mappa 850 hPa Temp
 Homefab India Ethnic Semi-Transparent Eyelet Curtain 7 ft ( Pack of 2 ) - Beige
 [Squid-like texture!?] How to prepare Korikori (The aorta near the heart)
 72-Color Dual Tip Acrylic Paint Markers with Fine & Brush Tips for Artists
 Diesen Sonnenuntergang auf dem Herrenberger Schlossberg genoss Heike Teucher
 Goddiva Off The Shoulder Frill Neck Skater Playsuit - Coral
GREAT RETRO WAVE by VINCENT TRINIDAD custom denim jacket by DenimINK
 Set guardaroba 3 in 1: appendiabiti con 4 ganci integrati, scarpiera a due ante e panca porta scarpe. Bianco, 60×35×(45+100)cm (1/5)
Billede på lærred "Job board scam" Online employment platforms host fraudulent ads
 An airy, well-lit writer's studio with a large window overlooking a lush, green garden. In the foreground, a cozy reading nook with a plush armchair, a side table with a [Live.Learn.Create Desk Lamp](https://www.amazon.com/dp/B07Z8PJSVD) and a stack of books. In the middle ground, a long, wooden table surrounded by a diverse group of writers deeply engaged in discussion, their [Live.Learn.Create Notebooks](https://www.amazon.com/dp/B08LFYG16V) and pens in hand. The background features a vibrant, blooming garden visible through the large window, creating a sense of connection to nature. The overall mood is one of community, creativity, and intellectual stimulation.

━━━━━━━━━━━━━━━━━━━━━━━━━━━━━━

Reprint the data above from the opening line to the line holding "Set guardaroba 3", inclusive, and nothing else.

mappa 850 hPa Temp
 Homefab India Ethnic Semi-Transparent Eyelet Curtain 7 ft ( Pack of 2 ) - Beige
 [Squid-like texture!?] How to prepare Korikori (The aorta near the heart)
 72-Color Dual Tip Acrylic Paint Markers with Fine & Brush Tips for Artists
 Diesen Sonnenuntergang auf dem Herrenberger Schlossberg genoss Heike Teucher
 Goddiva Off The Shoulder Frill Neck Skater Playsuit - Coral
GREAT RETRO WAVE by VINCENT TRINIDAD custom denim jacket by DenimINK
 Set guardaroba 3 in 1: appendiabiti con 4 ganci integrati, scarpiera a due ante e panca porta scarpe. Bianco, 60×35×(45+100)cm (1/5)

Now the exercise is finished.